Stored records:

+===+

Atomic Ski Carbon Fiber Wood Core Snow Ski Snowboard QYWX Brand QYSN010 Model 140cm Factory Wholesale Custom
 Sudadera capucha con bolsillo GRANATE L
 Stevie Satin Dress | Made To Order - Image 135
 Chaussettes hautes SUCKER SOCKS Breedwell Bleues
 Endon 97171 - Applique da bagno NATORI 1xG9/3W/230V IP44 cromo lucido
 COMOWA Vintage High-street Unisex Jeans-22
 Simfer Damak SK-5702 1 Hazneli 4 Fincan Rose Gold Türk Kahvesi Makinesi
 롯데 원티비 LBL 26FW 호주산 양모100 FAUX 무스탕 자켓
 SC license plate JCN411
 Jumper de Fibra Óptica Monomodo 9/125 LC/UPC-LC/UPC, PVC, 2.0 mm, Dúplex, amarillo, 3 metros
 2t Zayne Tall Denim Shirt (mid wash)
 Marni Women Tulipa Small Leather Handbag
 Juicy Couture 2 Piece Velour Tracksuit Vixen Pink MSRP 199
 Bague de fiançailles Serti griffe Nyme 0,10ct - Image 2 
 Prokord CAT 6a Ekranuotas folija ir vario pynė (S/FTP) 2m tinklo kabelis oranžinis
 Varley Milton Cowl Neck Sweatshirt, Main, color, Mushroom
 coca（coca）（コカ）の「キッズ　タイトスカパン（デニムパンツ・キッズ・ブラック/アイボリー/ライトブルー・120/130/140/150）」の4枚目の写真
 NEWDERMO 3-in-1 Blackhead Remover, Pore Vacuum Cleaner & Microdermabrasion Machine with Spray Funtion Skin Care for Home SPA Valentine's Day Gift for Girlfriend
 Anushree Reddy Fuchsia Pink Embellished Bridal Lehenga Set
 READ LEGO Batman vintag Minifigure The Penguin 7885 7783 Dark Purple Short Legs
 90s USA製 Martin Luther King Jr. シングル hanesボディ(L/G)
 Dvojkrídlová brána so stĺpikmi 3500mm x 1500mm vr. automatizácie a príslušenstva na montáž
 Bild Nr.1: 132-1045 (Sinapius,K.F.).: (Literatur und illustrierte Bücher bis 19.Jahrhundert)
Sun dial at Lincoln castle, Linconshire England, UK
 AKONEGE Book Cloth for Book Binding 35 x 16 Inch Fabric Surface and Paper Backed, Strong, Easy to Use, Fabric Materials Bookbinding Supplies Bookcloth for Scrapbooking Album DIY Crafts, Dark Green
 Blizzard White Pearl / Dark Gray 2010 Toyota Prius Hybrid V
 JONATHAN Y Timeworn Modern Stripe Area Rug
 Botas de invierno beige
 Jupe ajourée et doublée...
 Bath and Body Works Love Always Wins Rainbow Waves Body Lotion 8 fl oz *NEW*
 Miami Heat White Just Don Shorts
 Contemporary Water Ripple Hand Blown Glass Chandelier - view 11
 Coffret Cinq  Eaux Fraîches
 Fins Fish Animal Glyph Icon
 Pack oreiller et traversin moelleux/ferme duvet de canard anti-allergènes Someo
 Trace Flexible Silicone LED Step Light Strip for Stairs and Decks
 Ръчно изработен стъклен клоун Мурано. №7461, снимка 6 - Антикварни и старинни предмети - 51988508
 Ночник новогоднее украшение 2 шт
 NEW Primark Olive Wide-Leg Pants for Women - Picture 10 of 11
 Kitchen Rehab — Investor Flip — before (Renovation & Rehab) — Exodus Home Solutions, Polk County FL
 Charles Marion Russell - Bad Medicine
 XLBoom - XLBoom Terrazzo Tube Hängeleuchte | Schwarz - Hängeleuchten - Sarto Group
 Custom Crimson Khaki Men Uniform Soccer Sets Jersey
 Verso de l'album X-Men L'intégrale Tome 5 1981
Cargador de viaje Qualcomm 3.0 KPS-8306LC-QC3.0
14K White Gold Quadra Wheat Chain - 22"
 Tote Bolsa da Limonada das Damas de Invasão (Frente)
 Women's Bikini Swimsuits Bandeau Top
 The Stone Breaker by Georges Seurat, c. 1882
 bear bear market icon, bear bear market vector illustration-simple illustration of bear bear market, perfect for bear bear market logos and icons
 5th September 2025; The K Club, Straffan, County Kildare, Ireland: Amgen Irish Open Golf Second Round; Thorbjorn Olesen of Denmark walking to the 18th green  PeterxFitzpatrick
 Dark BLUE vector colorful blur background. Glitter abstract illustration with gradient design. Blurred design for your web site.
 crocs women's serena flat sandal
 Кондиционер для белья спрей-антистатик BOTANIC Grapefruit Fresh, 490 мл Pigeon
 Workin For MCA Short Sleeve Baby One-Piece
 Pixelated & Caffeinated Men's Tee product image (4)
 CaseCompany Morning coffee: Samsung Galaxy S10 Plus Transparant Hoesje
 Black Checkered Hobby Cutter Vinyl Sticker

+===+

= Exercise requirements =
A single number is the whole answer: please count how many lines of the records above include the string "Gold".

= Answer area =
2